Parameters for red wine: [ 2.49905527e-02 -1.08359026e+00 -1.82563948e-01  1.63312698e-02
 -1.87422516e+00  4.36133331e-03 -3.26457970e-03 -1.78811638e+01
 -4.13653144e-01  9.16334413e-01  2.76197699e-01]
Parameters for white wine: [ 6.55199614e-02 -1.86317709e+00  2.20902007e-02  8.14828026e-02
 -2.47276537e-01  3.73276519e-03 -2.85747419e-04 -1.50284181e+02
  6.86343742e-01  6.31476473e-01  1.93475697e-01]


## Testing

### Ordinal Regression

Since the ordinal data contains small integers, the _root mean squared error_ (RMSE) is a good evaluation metric.

In [187]:
# Predict class based on maximum probability
red_ord_pred = red_res_prob.predict(red_test_df.loc[:, red_test_df.columns != 'quality']).idxmax(axis=1)
white_ord_pred = white_res_prob.predict(white_test_df.loc[:, white_test_df.columns != 'quality']).idxmax(axis=1)
# Calculate RMSE from correct labels
red_ord_rmse = ((red_ord_pred - red_test_df['quality'])**2).mean()**0.5
white_ord_rmse = ((white_ord_pred - white_test_df['quality'])**2).mean()**0.5
print("RMSE for red wine:", red_ord_rmse)
print("RMSE for white wine:", white_ord_rmse)

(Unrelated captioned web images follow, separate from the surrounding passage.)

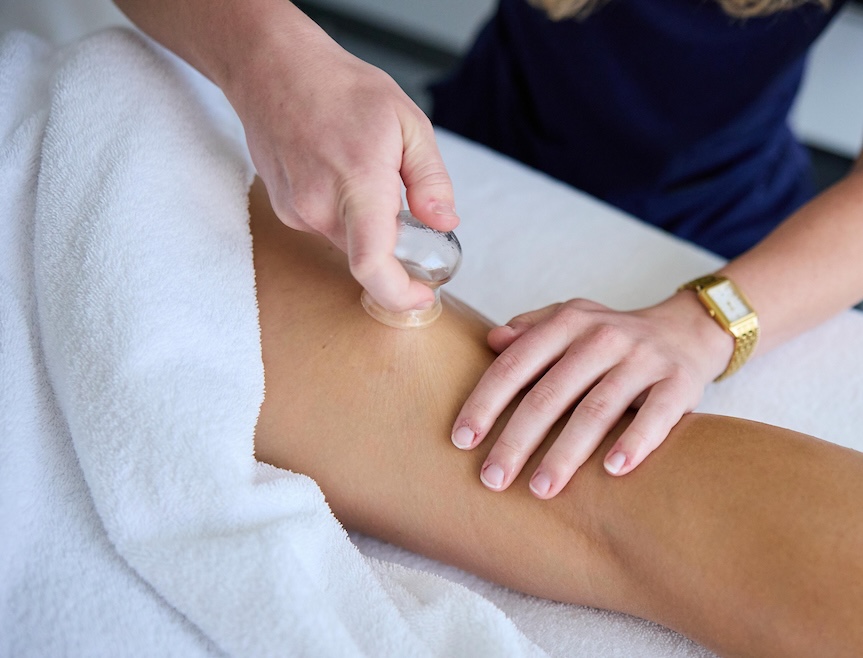 Close-up of a therapist's hands applying a glass suction cup on a person's thigh during a spa treatment, with the person partially covered by a white towel.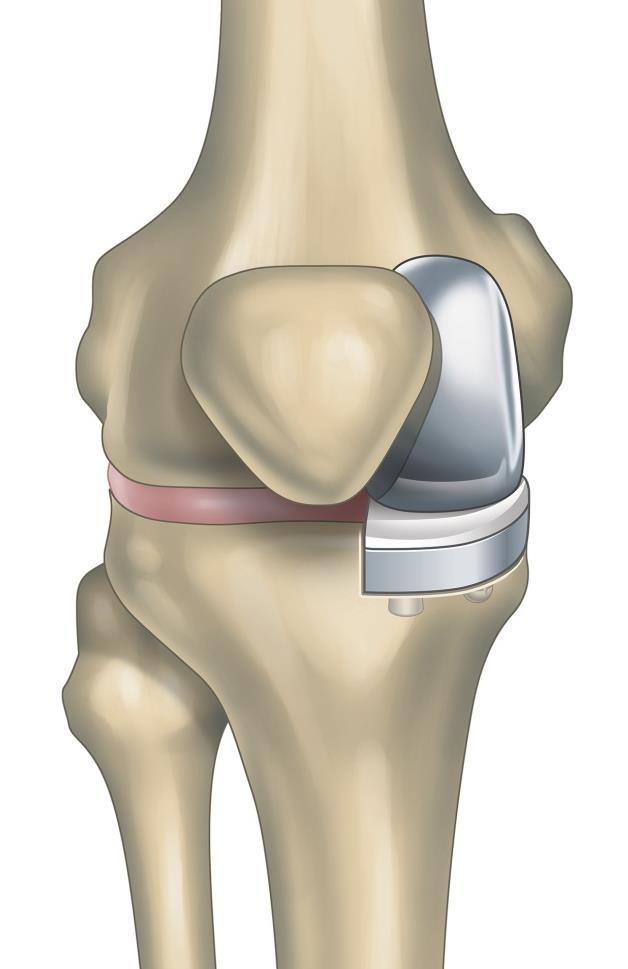 Procedures Unicondylar Knee Replacement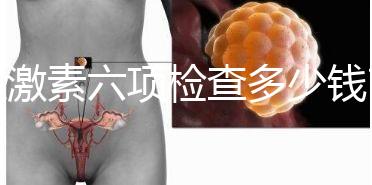 性激素六項(xiàng)檢查多少錢?最終花費(fèi)受這3個(gè)方面影響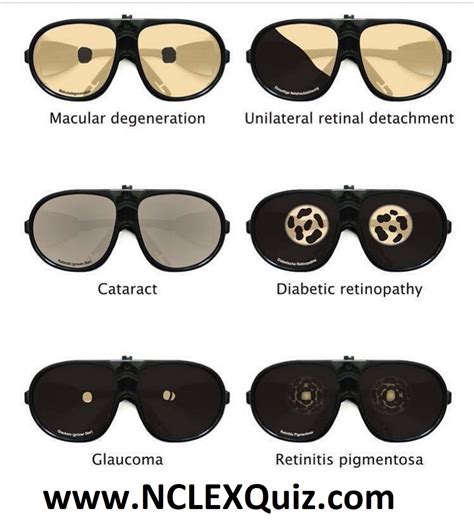 Types of Vision Loss Cheat Sheet - NCLEX Quiz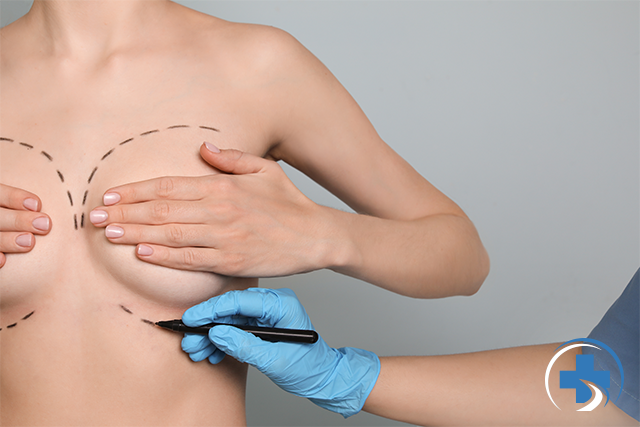 breastimplants
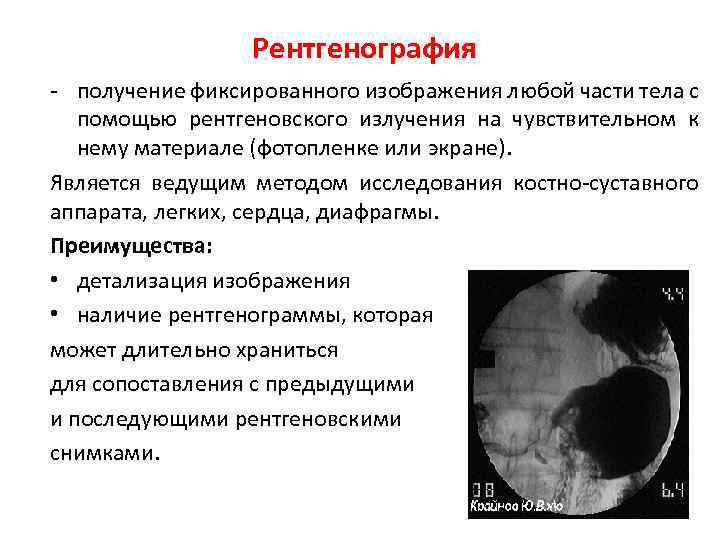 Рентгенография - получение фиксированного изображения любой части тела с помощью рентгеновского излучения на чувствительном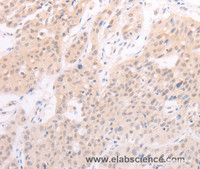 Immunohistochemistry of paraffin-embedded Human lung cancer using F7 Polyclonal Antibody at dilution of 1:40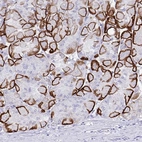 Immunohistochemical staining of human stomach shows moderate to strong membranous positivity in glandular cells.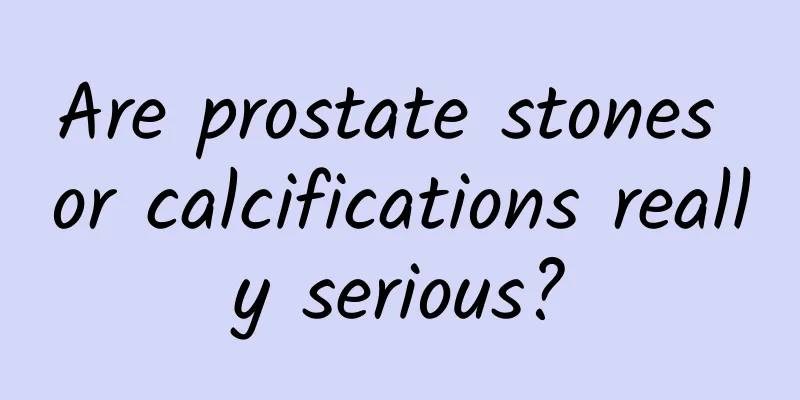 Are prostate stones or calcifications really serious?
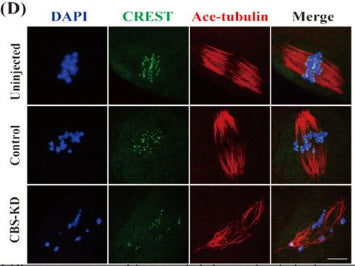 Uninjected, Control, CBS-KD human oocytes cultured in M16 medium for 8 h to MI for immunofluorescence with Mitotic arrest deficiency 1 (MAD1) (red) and human anti-centromere antibody (CREST) (green). Image from publication CC-BY-4.0. PMID: 36053797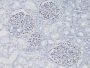WT1 (Wilm's Tumor 1)(WT1/857), 0.2mg/mL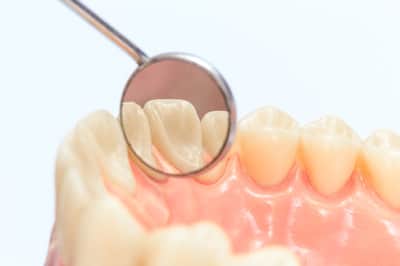 Dentures with a mirror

RMSE for red wine: 0.7194052124144799
RMSE for white wine: 0.806946584785929


### Linear Regression

As per usual, a linear regression model is evaluated using the RMSE.

In [188]:
# Perform predictions on test data
red_reg_pred = red_reg.predict(red_test_df.loc[:, red_test_df.columns != 'quality'])
white_reg_pred = white_reg.predict(white_test_df.loc[:, white_test_df.columns != 'quality'])
# Compute RMSE of predictions
red_reg_rmse = ((red_reg_pred - red_test_df['quality'])**2).mean()**0.5
white_reg_rmse = ((white_reg_pred - white_test_df['quality'])**2).mean()**0.5
print("RMSE for red wine:", red_reg_rmse)
print("RMSE for white wine:", white_reg_rmse)

RMSE for red wine: 0.6730945439280761
RMSE for white wine: 0.7493466349620683


## Results

On most runs, it seems that linear regression performs slightly better than ordinal regression, on ordinal data! The possible reasons for this are as follows.

1. The ordinal data corresponds to small integers.
2. The interval classes are spaced apart equally, and linear regression performs equally well in these cases.